最もユダヤ人虐殺の先導を切ったアイヒマンというナチスの幹部を許すことはできない、とアレントは『エルサレムのアイヒマン』という著書で述べています。

公的領域と私的領域

古代ギリシャでは私的領域は家族、公的領域は政治、と厳密に分割されていました。

これに対応して、私的領域では家族の必要を満たすための労働を行う場所で、公的領域はポリスの政治などの活動の場でした。

作品を残して世界をつくる仕事は、公的、私的の両領域にまたがる活動力の現れでしょう。

古代ローマ以降、社会という領域が少しずつ進んでいきます。

私的領域の家長が国家の皇帝、国王の権力と近いかたちとして例えられるように、社会というのは実は拡大した家族だ、ということをアレントは言います。

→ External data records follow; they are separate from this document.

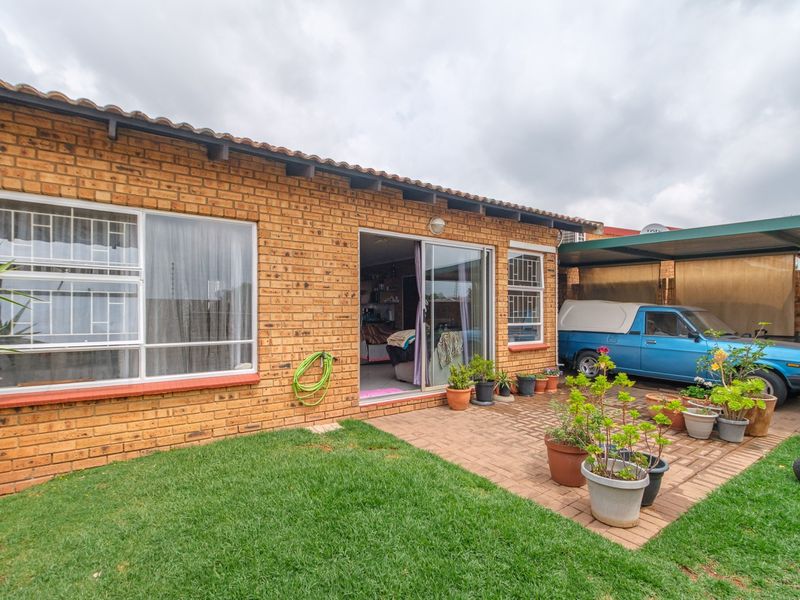 Rear view of the townhouse featuring a brick facade, a paved patio area, and an attached carport.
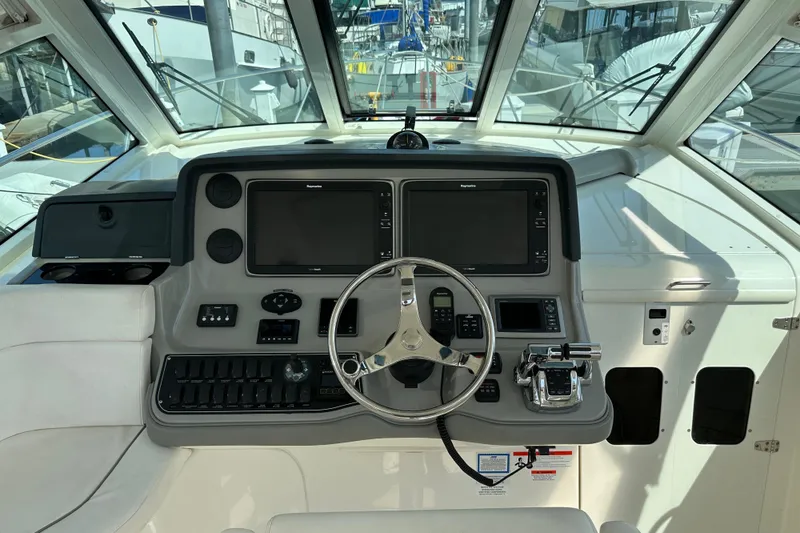 Slide: The Image of 2013 Boston Whaler 345 Conquest helm with dual screens and steering wheel. - 12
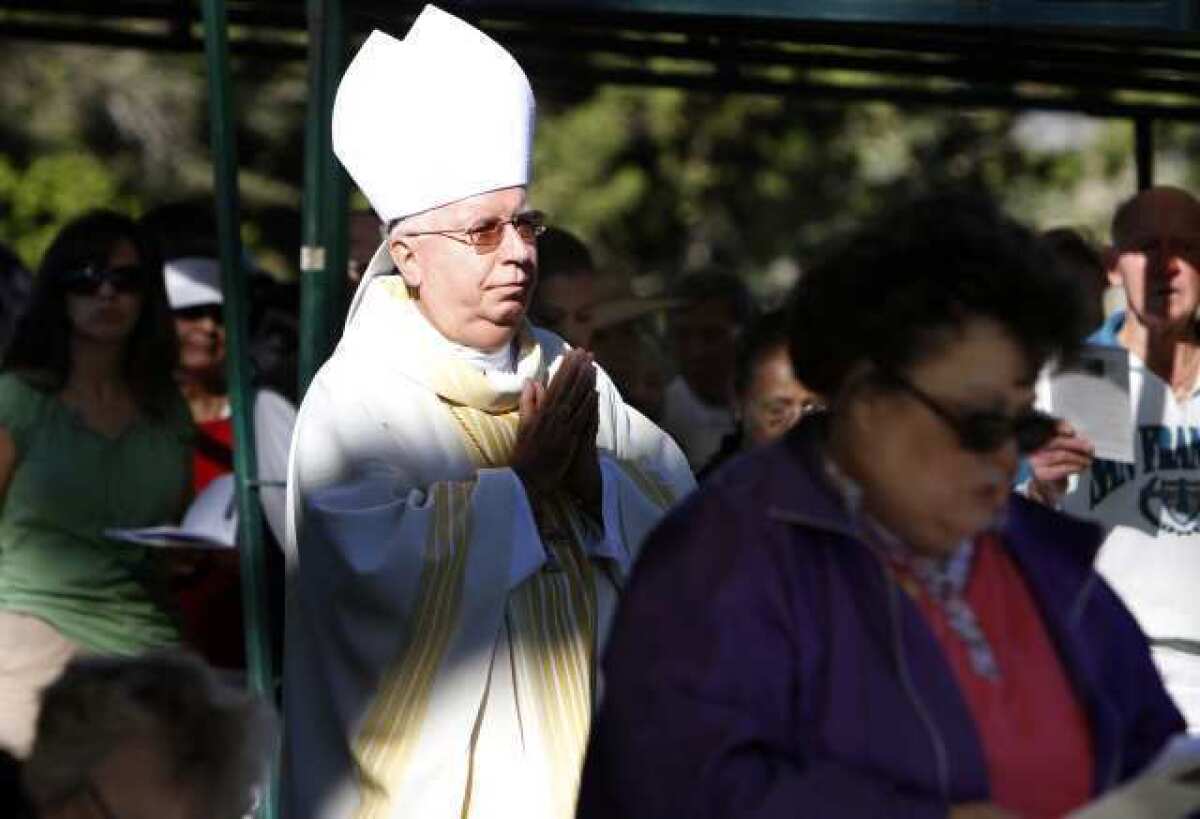 Cirilo Flores, while auxiliary bishop of Orange, walks down the aisle during an All Souls Day Mass in 2010. Now bishop of the San Diego diocese, he has been hospitalized since April 16 after suffering a stroke.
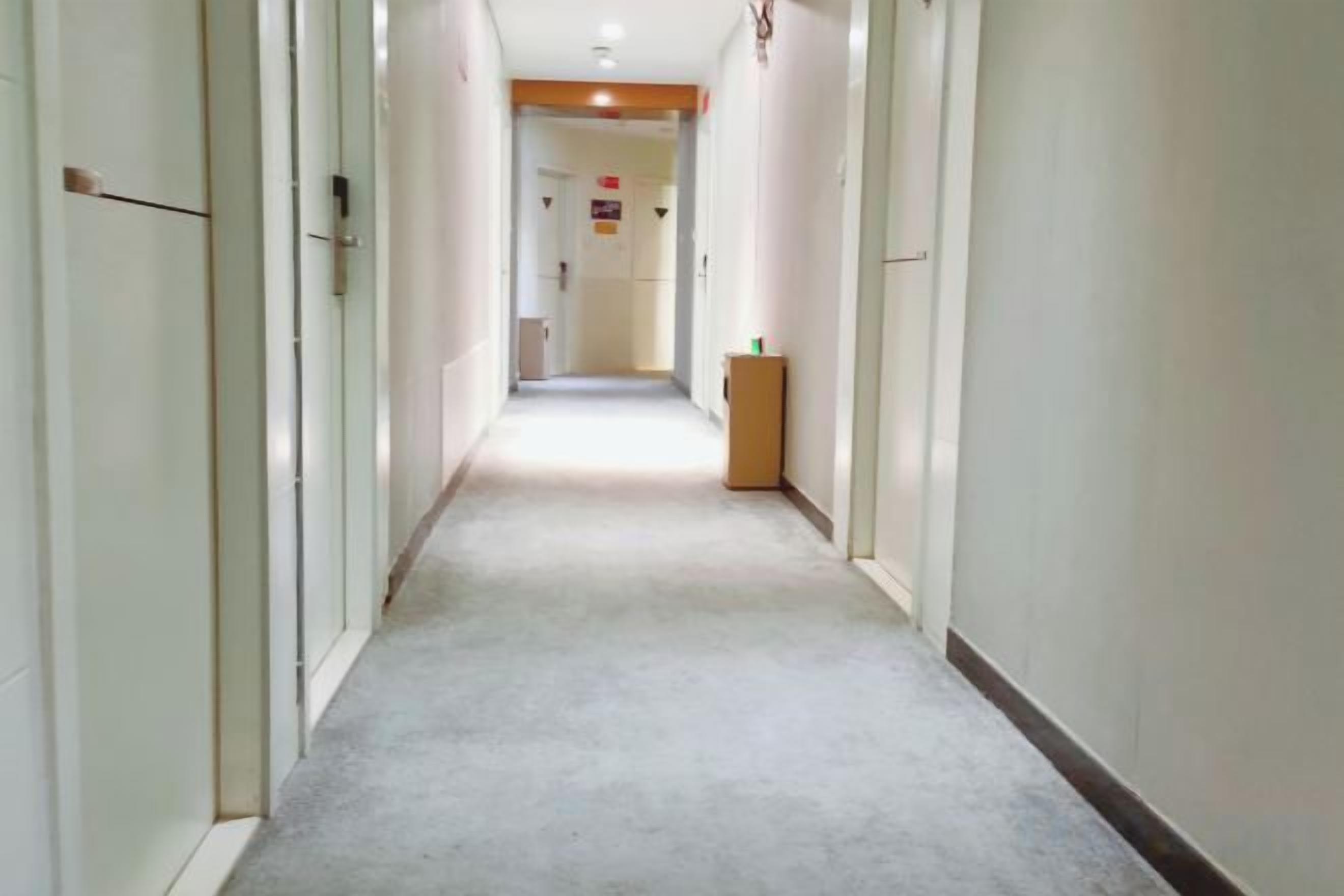 A long, narrow hallway with doors on both sides, leading to a room at the end.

社会はそれゆえすべて公的領域ではなく、私的領域も入り交じった複雑な構成物として考えることができるのです。

世界疎外

アレントの術語の中に、世界疎外という言葉があります。

これは端的にいうと、世界から自己自身へと逃亡してしまう現象のことです。

いうならば、公的領域から私的領域へと逃げ切ることです。

広場恐怖症、対人交流障害、ひきこもりなどがイメージと近いと思います。

アレントは自己疎外ではなく、世界疎外こそ現代社会の特徴だと主張します。

一理あるかな、とは思います。

人間は世界と自己をつなぐ一本の渡り綱のようなものだ、とニーチェが表現したように、世界と自己との間にいる間は不安定で落ち着かないことも多いから、自己に逃げるか、世界に逃げるわけでしょうね。

ぼくの気づき

ここからはぼくの気づいたことを少し書いていくこととします。

まず本書の中でぼくが直観的に良いと思うところは、アレントがいう活動の場を増やすことで世界は健全になるというメッセージです。

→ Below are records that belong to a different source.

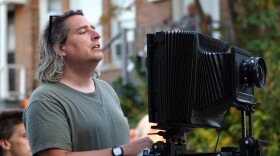 A heavyset man with long grey hair stands behind a camera.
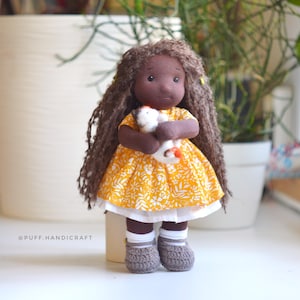 May include: A handmade doll with dark skin, long brown hair, and a yellow floral dress. The doll is holding a small white stuffed animal. It is wearing gray crocheted shoes and white socks. The doll is approximately 10 inches tall.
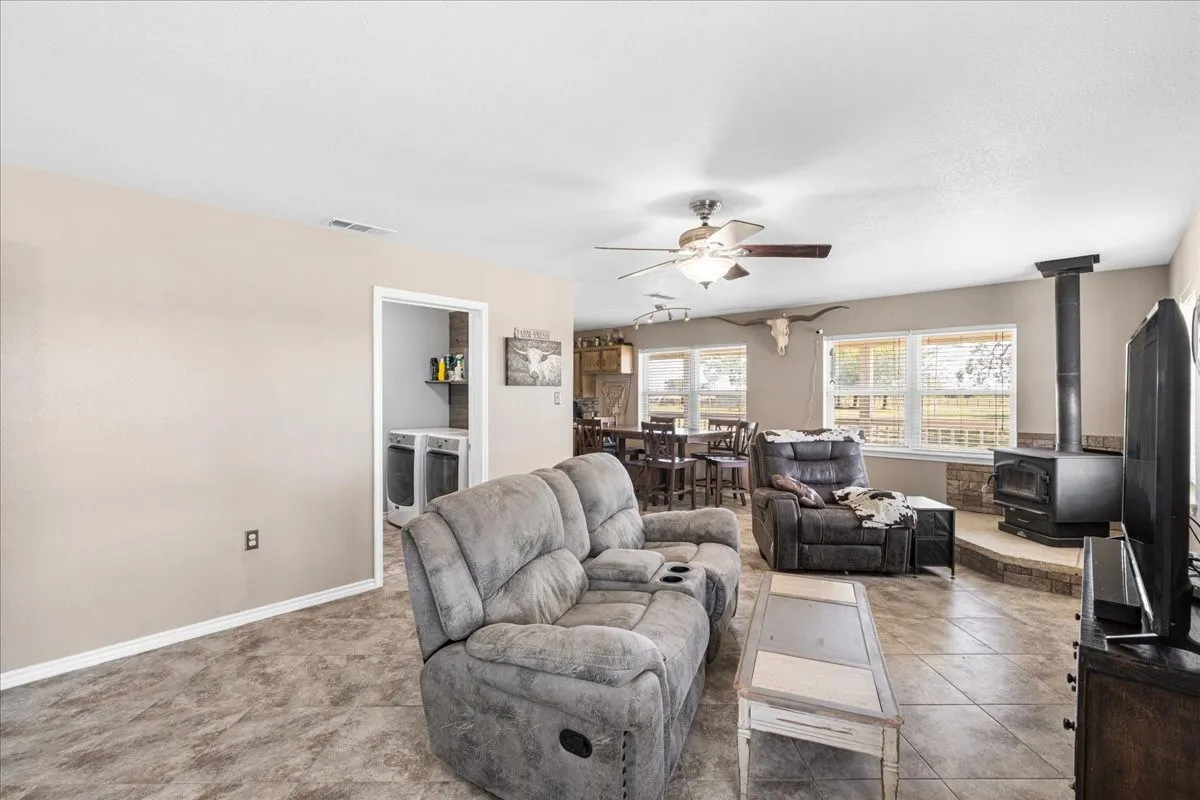 Spacious living area featuring tile flooring, a built-in wood-burning stove with a stone surround, and multiple windows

実際、対話の次元を知ると議論や雑談だけでは解決できない問題にも解決の道しるべが立てられるでしょう。

対話とは活動そのものです。対話の場を増やすことこそ、まずは世界を善くする第一歩というのは納得できます。

あとは労働を重視する社会ほどヒエラルキー構造が強くなるんじゃないかな、と思いました。

命令こそ労働の特徴であり、活動が前提とする平等と信頼関係とは全くかけ離れています。

以上、いろいろなことを気づくことのできた名著『人間の条件』の書評をここで終えます。最後まで読んでいただき、ありがとうございました。